STUDY OF EFFECTS OF INELASTICITY ON BUCKLING OF CYLINDRICAL SHELL UNDER AXIAL LOAD

Abstract

This master thesis presents research into inelastic buckling of cylindrical shells under axial loads. This type of structure is found in aerospace application like planes, launch vehicles, rockets etc. However modeling of these is not discussed here. Here the study is to see effects of plasticity on buckling loads. The idea behind this research is that in experiments we can’t separate plasticity of a material but in FEA Software we can. A FE Module is developed such that it’s buckling load according to classical theory is higher than yield point. It is first analyzed with linear elastic material model and then linear elastic-nonlinear plastic, and results are compared to study effects of plasticity. Material module is developed by using nonlinear kinematic hardening equations for 2024 T3 alloy of aluminum at room temperature(250 C ). Data points for plotting graph are found by Matlab. To find inelastic critical buckling loads an iterative method related to reduced modulus theory is tried for three different shell thickness, though it was a failure.
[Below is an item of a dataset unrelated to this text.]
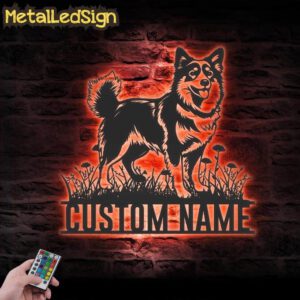 Custom-Icelandic-Sheepdog-Metal-Wall-Art-LED-Light-5.jpg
The results of analysis shows that there is an expected reduction of buckling load when plasticity is considered which in some cases could be about nine times of further reduction when imperfections are considered, so there is a need for a better theoretical model which would consider plasticity. The idea is maybe by studying inelastic load values we could get some insight on how to deal with theoretical equations or what kind of results should come.